Extract html adding body and head

Valdri · January 8, 2024, 7:03pm

Hi there,
I want to extract data from a table on a website using n8n.
I first download the content of the page using browserless and then use html extract to extract the data using these settings:

Then from the output of that node I want to extract every td element

But it only returns an empty array

For testing I used “*” in html2 node CSS selector and this was the output:

<head></head><body>239188988\n                            08.01.2024 17:00\n                            5\n                            DAGRA\n                            Przekazano do urzędu pocztowego (WYSLANY)\n                            \n                                <a href="ajax/ajax_order_packages.php?courier=pocztapolska&amp;get_envelope_labels=239188988" target="_blank">Etykiet</a> &nbsp;|&nbsp; \n                                <a href="ajax/ajax_order_packages.php?courier=pocztapolska&amp;get_envelope_book=239188988" target="_blank">K. nadawcza</a> | \n                                <a href="ajax/ajax_order_packages.php?courier=pocztapolska&amp;get_pocztafirmowa_book=239188988" target="_blank">Poczta firmowa</a>\n                            </body>

I don’t know why body or head suddenly appeared in the output and there were no td elements.

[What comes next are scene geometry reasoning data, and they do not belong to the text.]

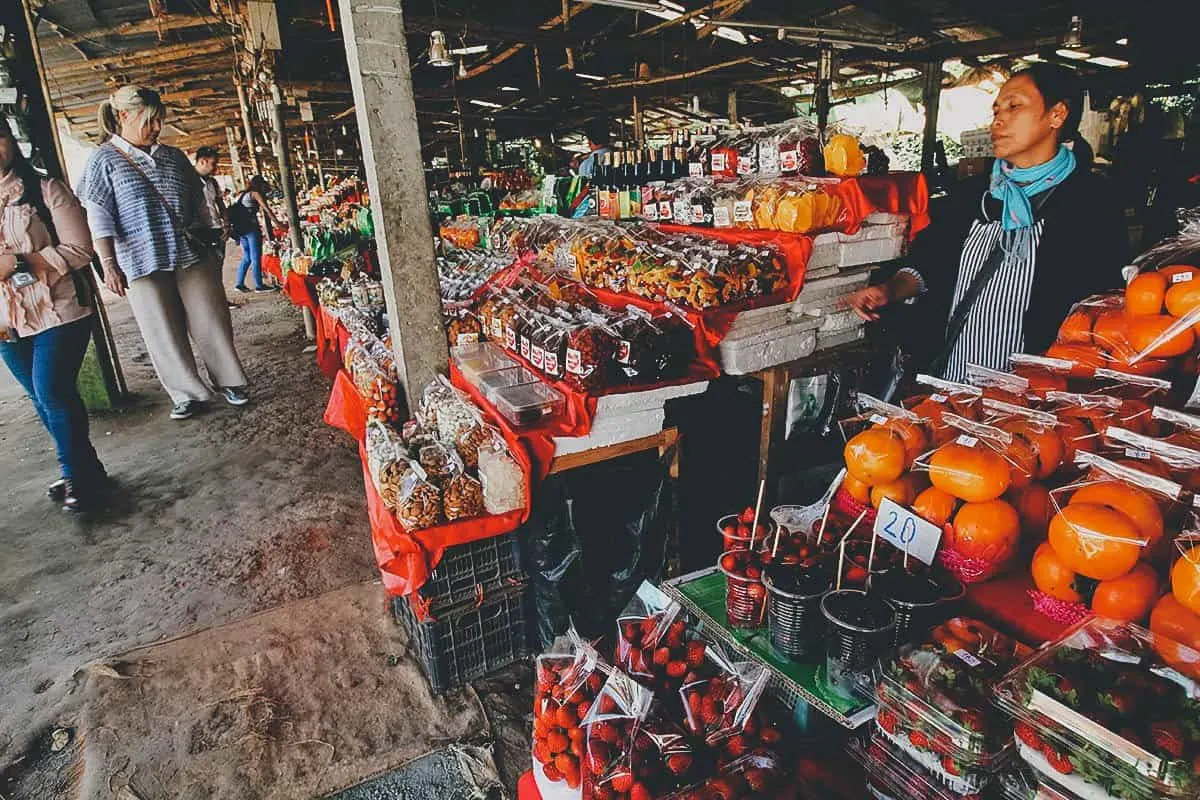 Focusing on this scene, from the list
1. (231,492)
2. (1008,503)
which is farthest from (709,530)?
(231,492)

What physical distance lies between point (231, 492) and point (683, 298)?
3210 mm

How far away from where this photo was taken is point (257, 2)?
5344 mm

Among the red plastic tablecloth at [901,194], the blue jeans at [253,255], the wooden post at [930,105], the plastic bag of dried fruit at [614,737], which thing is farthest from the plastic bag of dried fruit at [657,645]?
the blue jeans at [253,255]

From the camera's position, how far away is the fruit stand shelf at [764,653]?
1232 millimetres

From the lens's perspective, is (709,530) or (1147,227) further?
(1147,227)

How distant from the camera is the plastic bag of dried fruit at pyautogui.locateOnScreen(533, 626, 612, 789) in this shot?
1.61m

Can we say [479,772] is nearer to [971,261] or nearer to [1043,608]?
[1043,608]

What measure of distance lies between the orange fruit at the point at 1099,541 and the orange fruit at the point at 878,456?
0.32 metres

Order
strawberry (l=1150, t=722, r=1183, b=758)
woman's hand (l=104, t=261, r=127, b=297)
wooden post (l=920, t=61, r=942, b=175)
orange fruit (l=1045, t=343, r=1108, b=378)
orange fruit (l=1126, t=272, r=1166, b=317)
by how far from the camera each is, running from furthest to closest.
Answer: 1. wooden post (l=920, t=61, r=942, b=175)
2. woman's hand (l=104, t=261, r=127, b=297)
3. orange fruit (l=1045, t=343, r=1108, b=378)
4. orange fruit (l=1126, t=272, r=1166, b=317)
5. strawberry (l=1150, t=722, r=1183, b=758)

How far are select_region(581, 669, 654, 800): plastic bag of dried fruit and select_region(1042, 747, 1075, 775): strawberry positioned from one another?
2.59 ft

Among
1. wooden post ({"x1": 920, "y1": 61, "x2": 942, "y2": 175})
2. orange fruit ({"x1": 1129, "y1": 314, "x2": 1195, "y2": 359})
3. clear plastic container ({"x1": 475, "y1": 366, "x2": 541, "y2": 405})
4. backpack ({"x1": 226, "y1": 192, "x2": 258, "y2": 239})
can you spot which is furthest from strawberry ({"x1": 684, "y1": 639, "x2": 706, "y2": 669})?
backpack ({"x1": 226, "y1": 192, "x2": 258, "y2": 239})

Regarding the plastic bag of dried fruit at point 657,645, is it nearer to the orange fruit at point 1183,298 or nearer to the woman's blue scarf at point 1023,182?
the orange fruit at point 1183,298

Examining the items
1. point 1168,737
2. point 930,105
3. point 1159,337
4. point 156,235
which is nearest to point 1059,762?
point 1168,737

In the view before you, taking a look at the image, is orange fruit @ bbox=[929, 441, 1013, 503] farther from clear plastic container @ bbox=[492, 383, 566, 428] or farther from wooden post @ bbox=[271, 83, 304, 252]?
wooden post @ bbox=[271, 83, 304, 252] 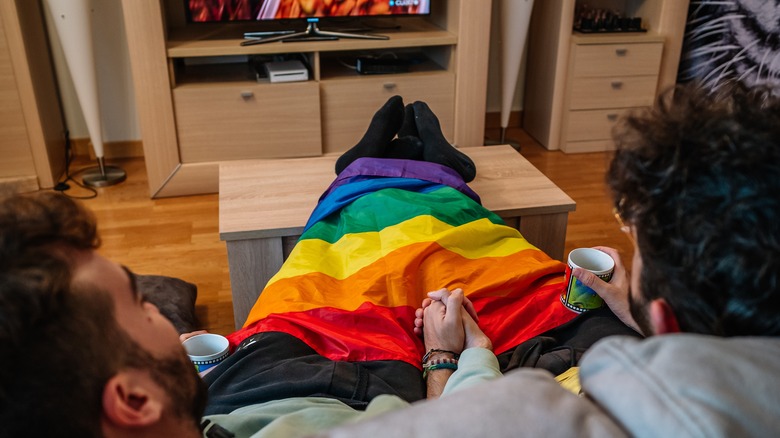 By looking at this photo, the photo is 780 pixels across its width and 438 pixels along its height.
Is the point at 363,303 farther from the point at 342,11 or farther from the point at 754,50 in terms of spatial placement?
the point at 754,50

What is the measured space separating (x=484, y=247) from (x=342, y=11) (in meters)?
→ 1.64

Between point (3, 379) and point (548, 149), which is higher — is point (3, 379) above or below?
above

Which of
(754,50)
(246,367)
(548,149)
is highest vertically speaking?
(754,50)

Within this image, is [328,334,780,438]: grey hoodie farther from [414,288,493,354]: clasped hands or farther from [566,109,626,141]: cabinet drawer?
[566,109,626,141]: cabinet drawer

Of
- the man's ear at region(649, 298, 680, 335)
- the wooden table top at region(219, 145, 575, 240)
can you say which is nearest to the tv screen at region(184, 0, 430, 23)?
the wooden table top at region(219, 145, 575, 240)

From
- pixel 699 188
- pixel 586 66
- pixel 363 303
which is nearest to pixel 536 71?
pixel 586 66

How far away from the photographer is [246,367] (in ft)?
3.88

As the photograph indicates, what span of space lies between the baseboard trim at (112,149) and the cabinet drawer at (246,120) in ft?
1.89

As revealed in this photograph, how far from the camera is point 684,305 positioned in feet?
1.90

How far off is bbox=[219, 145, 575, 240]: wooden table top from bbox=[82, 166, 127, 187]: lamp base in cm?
106

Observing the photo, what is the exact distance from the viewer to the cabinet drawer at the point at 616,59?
3.14 metres

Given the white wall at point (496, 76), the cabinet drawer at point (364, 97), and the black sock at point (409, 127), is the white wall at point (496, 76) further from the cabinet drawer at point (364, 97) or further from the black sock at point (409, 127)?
the black sock at point (409, 127)

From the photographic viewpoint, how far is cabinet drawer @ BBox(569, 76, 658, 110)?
321 centimetres

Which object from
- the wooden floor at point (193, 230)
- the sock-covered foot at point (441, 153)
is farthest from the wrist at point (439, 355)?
the wooden floor at point (193, 230)
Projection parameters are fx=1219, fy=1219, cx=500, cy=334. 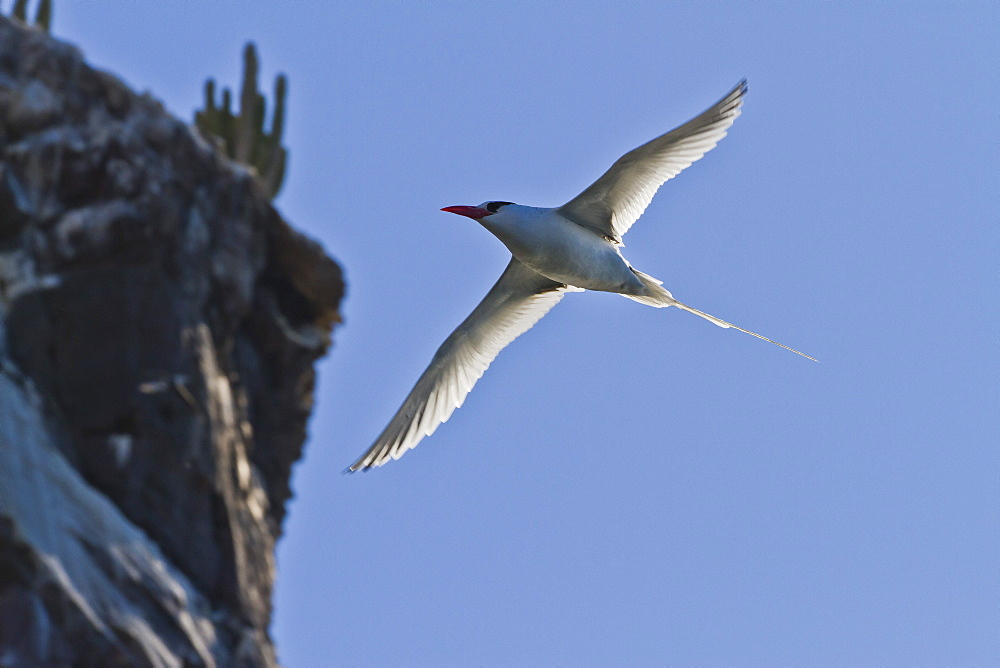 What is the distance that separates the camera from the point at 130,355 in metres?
16.5

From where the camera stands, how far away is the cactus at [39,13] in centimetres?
1836

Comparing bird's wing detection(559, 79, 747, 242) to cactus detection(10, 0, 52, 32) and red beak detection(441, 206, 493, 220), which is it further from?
cactus detection(10, 0, 52, 32)

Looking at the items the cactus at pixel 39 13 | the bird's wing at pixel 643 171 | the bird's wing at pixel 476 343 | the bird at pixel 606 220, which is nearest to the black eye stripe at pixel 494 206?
the bird at pixel 606 220

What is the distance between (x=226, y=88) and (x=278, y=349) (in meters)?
4.61

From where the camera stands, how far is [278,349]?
781 inches

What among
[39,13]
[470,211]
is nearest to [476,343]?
[470,211]

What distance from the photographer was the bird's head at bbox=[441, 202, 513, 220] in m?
8.79

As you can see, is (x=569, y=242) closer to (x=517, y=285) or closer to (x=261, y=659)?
(x=517, y=285)

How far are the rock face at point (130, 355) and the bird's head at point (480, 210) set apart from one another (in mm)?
7496

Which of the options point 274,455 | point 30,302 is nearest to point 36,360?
point 30,302

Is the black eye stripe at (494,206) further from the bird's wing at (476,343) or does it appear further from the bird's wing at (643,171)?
the bird's wing at (476,343)

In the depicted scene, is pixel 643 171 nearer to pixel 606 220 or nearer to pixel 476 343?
pixel 606 220

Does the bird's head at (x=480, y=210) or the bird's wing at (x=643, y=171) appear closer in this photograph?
the bird's wing at (x=643, y=171)

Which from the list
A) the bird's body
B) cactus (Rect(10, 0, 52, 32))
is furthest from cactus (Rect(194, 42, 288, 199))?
the bird's body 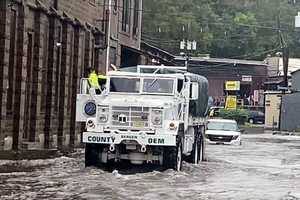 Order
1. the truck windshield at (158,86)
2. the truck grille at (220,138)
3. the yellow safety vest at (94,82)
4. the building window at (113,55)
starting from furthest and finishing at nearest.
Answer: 1. the building window at (113,55)
2. the truck grille at (220,138)
3. the truck windshield at (158,86)
4. the yellow safety vest at (94,82)

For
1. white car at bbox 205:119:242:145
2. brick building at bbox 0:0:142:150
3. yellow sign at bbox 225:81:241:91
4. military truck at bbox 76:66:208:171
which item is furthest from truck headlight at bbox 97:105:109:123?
yellow sign at bbox 225:81:241:91

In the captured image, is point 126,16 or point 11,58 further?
point 126,16

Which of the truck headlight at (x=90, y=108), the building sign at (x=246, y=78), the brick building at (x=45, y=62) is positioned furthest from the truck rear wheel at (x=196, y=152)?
the building sign at (x=246, y=78)

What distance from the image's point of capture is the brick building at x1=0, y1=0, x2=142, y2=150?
26.7 m

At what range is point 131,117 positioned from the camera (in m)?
20.5

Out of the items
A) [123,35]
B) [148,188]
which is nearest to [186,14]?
[123,35]

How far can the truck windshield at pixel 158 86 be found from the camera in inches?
843

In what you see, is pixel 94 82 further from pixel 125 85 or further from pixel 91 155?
pixel 91 155

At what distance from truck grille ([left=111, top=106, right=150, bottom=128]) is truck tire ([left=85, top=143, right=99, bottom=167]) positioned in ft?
2.90

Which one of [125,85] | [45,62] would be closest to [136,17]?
[45,62]

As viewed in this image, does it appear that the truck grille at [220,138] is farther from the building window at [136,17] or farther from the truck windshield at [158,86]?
the truck windshield at [158,86]

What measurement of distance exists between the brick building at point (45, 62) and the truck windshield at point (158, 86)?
648cm

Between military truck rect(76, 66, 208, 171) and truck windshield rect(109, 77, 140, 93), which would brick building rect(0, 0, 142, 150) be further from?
military truck rect(76, 66, 208, 171)

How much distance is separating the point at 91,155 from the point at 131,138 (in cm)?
136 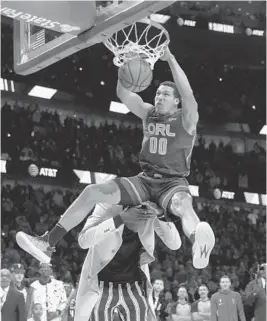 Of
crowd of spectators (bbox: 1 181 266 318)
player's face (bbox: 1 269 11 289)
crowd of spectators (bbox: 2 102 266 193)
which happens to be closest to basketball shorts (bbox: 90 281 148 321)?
player's face (bbox: 1 269 11 289)

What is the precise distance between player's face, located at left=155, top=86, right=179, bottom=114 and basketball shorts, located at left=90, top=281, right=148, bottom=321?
1628mm

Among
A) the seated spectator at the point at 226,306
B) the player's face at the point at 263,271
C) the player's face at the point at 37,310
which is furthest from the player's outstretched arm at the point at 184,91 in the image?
the player's face at the point at 263,271

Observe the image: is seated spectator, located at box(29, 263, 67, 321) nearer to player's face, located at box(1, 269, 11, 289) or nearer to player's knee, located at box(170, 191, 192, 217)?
player's face, located at box(1, 269, 11, 289)

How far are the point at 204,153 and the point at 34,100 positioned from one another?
551 cm

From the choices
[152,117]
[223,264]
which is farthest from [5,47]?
[152,117]

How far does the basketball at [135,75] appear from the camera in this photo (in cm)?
705

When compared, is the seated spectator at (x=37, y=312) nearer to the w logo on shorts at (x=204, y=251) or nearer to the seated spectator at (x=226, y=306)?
the seated spectator at (x=226, y=306)

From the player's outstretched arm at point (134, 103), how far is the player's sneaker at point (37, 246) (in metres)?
1.43

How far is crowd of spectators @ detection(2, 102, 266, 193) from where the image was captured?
21.5 m

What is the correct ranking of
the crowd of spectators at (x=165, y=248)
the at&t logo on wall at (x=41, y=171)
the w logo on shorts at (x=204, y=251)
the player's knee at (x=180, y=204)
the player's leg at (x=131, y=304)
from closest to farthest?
the w logo on shorts at (x=204, y=251), the player's knee at (x=180, y=204), the player's leg at (x=131, y=304), the crowd of spectators at (x=165, y=248), the at&t logo on wall at (x=41, y=171)

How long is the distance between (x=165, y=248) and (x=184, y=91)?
1359cm

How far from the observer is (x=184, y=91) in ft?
22.8

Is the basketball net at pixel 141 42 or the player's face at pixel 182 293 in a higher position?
the basketball net at pixel 141 42

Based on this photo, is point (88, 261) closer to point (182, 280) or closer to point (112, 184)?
point (112, 184) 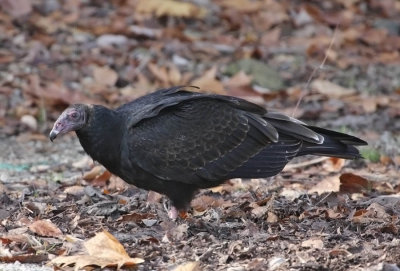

Information on your n8n setup

n8n version: 1.16.0

n8n · January 8, 2024, 7:03pm

It looks like your topic is missing some important information. Could you provide the following if applicable.

n8n version:
Database (default: SQLite):
n8n EXECUTIONS_PROCESS setting (default: own, main):
Running n8n via (Docker, npm, n8n cloud, desktop app):
Operating system:

Jon · January 9, 2024, 1:32pm

Hey @Valdri,

Can you share the site you are trying to download the table from? When it comes to working with HTML the package we use expects complete valid html to work properly which could be why it is adding the missing attributes and also why the TD extract is not returning anything.

system · April 8, 2024, 1:32pm

This topic was automatically closed 90 days after the last reply. New replies are no longer allowed.